Saturday, April 21, 2018

April 19th – A Bumpy Boat Ride in Muscat


When we sailed into Muscat’s attractive harbour, with the Sultan’s huge yacht (the size of a small cruise ship) manoeuvring next to us, it seemed like a great day to go for a boat ride – clear skies, warm breezes and what looked like smooth seas.

I should have guessed that trouble lay ahead when they offered us seasickness pills before we got on the boat. We all laughed – don’t they know we’ve been on a ship for the last 3 and a half months, the odd little wave won’t trouble us!

Wrong. We then embarked on an incredibly bumpy ride on a small speedboat through what were probably 2-metre high waves, getting smashed around like we were on an out-of-control rollercoaster, while getting regular soakings from the waves. The purpose of our boat ride was to try to see some dolphins, but the dolphins had clearly been better briefed on the sea conditions than we’d been, so they stayed below the surface.

After an hour of fruitless dolphin hunting, I finally persuaded the boat driver to end the torture and take us to the coast for some snorkelling. Fortunately, we found a sheltered cove and dived in. The water was “refreshing” but not too cold to stop us having about an hour’s snorkel over the coral. I don’t know if it was the sea conditions that day or if it’s always like that, but there was a lot of sediment in the water so visibility wasn’t the best, however there was plentiful sealife down there – a couple of people even spotted a turtle emerging out of the murk.

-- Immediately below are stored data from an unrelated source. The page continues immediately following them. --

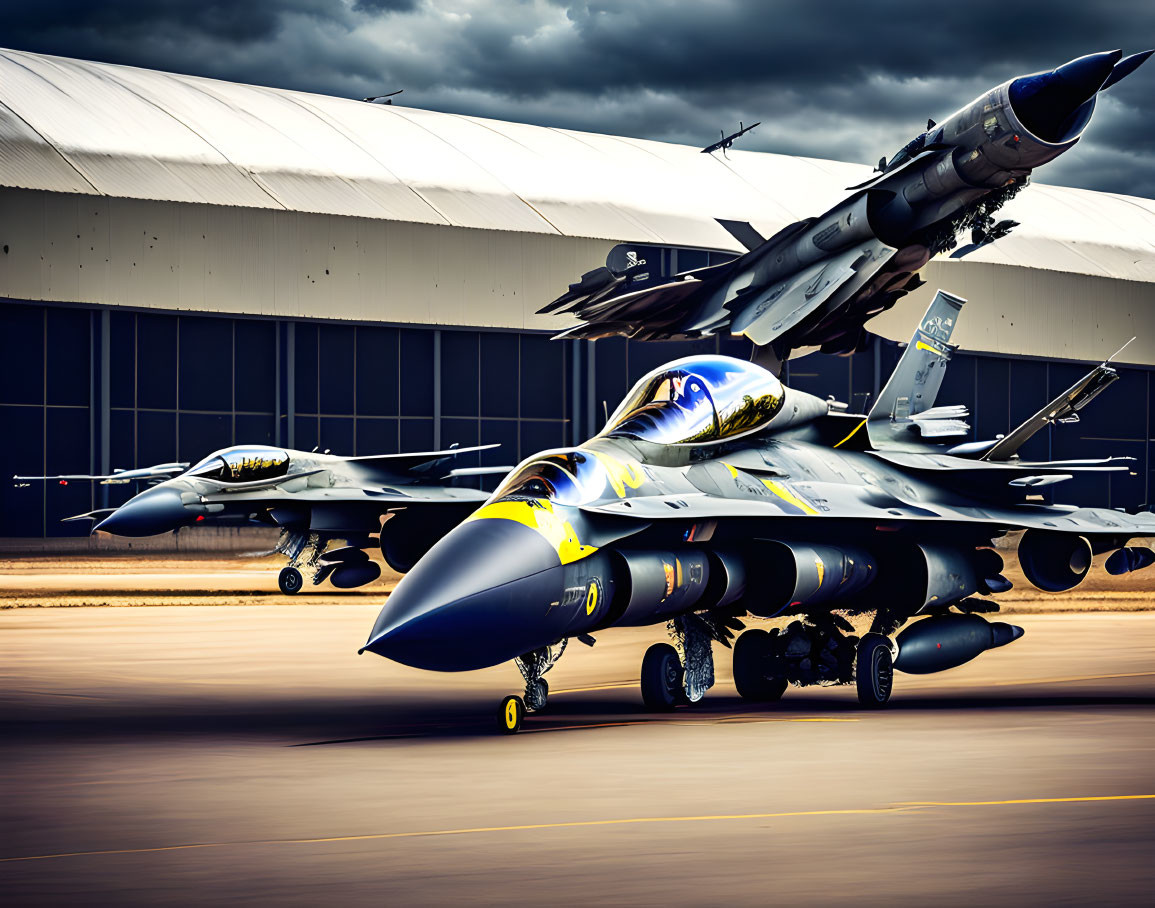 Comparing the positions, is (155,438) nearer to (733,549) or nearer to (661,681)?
(661,681)

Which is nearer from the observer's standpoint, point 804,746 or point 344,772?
point 344,772

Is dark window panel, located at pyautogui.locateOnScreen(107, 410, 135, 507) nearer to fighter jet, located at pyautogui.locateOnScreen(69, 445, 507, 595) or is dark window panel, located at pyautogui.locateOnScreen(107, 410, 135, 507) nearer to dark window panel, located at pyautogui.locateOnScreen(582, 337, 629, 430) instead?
fighter jet, located at pyautogui.locateOnScreen(69, 445, 507, 595)

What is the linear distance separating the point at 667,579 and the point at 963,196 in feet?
47.7

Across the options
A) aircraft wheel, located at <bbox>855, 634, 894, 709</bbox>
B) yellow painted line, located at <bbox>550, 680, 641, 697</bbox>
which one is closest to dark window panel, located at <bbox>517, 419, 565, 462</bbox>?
yellow painted line, located at <bbox>550, 680, 641, 697</bbox>

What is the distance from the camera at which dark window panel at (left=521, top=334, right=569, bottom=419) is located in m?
49.9

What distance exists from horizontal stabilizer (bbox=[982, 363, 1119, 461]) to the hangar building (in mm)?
21105

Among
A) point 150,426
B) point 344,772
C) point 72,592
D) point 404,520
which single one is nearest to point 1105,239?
point 150,426

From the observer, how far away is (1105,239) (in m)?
60.3

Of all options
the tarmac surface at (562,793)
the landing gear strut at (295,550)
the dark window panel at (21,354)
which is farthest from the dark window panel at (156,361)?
the tarmac surface at (562,793)

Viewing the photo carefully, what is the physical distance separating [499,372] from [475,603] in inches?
1528

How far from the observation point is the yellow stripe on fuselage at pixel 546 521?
11.6 meters

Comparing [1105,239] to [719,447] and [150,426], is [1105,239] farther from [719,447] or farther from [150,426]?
[719,447]

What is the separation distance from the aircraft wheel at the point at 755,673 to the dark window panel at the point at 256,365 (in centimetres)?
3334

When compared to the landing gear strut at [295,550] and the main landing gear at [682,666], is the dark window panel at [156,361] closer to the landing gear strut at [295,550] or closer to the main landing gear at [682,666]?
the landing gear strut at [295,550]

Then it was time to get on the rollercoaster again, as we bounced our way past the spectacularly stark coastline, passing plenty of luxury hotels along the way.

At the end of our trip, I was feeling a little queasy, but I’d arranged to meet up for lunch with some friends in town. We ate at a nice Omani restaurant called Bait Al Lubain, which isn’t too far from the port gates (opposite the fish market), however the morning’s stomach-churning activities had meant that my appetite had left me somewhat. We had expected (I’m not sure why) that the food would be similar to Lebanese food, but there wasn’t a hummus, falafel or moutabal in sight, and the food seemed to have more of an influence from India than the Levant. Nevertheless, the food was tasty and the company was good.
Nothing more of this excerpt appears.